Collection entries:
Segment Open

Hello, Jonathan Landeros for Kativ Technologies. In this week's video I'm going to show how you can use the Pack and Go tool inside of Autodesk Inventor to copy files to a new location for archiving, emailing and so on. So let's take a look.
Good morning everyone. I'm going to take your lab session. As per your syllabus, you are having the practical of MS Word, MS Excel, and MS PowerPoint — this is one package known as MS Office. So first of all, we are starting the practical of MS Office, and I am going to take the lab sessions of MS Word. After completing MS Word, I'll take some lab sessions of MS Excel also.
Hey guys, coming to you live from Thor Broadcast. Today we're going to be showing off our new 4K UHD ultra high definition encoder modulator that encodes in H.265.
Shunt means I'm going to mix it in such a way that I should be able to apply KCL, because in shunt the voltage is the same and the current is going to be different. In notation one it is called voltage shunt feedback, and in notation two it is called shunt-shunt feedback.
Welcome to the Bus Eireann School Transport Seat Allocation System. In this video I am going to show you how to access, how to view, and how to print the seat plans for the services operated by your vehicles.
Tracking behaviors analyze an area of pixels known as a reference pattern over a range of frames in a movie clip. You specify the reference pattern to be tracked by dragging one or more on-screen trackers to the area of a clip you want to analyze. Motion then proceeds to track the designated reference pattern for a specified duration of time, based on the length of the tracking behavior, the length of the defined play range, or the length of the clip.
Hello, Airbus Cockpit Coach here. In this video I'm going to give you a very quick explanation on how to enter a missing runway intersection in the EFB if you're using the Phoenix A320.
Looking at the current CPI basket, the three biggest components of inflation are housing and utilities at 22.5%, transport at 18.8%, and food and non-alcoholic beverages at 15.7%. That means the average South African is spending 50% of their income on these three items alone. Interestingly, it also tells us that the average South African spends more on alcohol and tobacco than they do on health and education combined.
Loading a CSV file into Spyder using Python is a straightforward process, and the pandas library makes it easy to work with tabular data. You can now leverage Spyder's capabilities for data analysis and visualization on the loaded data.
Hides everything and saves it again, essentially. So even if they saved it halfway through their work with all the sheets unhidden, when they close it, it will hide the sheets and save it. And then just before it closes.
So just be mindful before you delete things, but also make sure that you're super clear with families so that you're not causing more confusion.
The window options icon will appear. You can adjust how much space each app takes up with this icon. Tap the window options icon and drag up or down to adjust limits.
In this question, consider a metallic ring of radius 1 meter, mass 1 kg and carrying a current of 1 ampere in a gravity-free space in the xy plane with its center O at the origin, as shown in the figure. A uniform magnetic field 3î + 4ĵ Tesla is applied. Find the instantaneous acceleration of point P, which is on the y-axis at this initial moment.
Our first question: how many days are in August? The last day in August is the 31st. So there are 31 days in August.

Segment Closed

| WHAT THE EXERCISE ASKS |
Each entry above is to be copied out exactly as written.

| TASK ANSWER |
Hello, Jonathan Landeros for Kativ Technologies. In this week's video I'm going to show how you can use the Pack and Go tool inside of Autodesk Inventor to copy files to a new location for archiving, emailing and so on. So let's take a look.
Good morning everyone. I'm going to take your lab session. As per your syllabus, you are having the practical of MS Word, MS Excel, and MS PowerPoint — this is one package known as MS Office. So first of all, we are starting the practical of MS Office, and I am going to take the lab sessions of MS Word. After completing MS Word, I'll take some lab sessions of MS Excel also.
Hey guys, coming to you live from Thor Broadcast. Today we're going to be showing off our new 4K UHD ultra high definition encoder modulator that encodes in H.265.
Shunt means I'm going to mix it in such a way that I should be able to apply KCL, because in shunt the voltage is the same and the current is going to be different. In notation one it is called voltage shunt feedback, and in notation two it is called shunt-shunt feedback.
Welcome to the Bus Eireann School Transport Seat Allocation System. In this video I am going to show you how to access, how to view, and how to print the seat plans for the services operated by your vehicles.
Tracking behaviors analyze an area of pixels known as a reference pattern over a range of frames in a movie clip. You specify the reference pattern to be tracked by dragging one or more on-screen trackers to the area of a clip you want to analyze. Motion then proceeds to track the designated reference pattern for a specified duration of time, based on the length of the tracking behavior, the length of the defined play range, or the length of the clip.
Hello, Airbus Cockpit Coach here. In this video I'm going to give you a very quick explanation on how to enter a missing runway intersection in the EFB if you're using the Phoenix A320.
Looking at the current CPI basket, the three biggest components of inflation are housing and utilities at 22.5%, transport at 18.8%, and food and non-alcoholic beverages at 15.7%. That means the average South African is spending 50% of their income on these three items alone. Interestingly, it also tells us that the average South African spends more on alcohol and tobacco than they do on health and education combined.
Loading a CSV file into Spyder using Python is a straightforward process, and the pandas library makes it easy to work with tabular data. You can now leverage Spyder's capabilities for data analysis and visualization on the loaded data.
Hides everything and saves it again, essentially. So even if they saved it halfway through their work with all the sheets unhidden, when they close it, it will hide the sheets and save it. And then just before it closes.
So just be mindful before you delete things, but also make sure that you're super clear with families so that you're not causing more confusion.
The window options icon will appear. You can adjust how much space each app takes up with this icon. Tap the window options icon and drag up or down to adjust limits.
In this question, consider a metallic ring of radius 1 meter, mass 1 kg and carrying a current of 1 ampere in a gravity-free space in the xy plane with its center O at the origin, as shown in the figure. A uniform magnetic field 3î + 4ĵ Tesla is applied. Find the instantaneous acceleration of point P, which is on the y-axis at this initial moment.
Our first question: how many days are in August? The last day in August is the 31st. So there are 31 days in August.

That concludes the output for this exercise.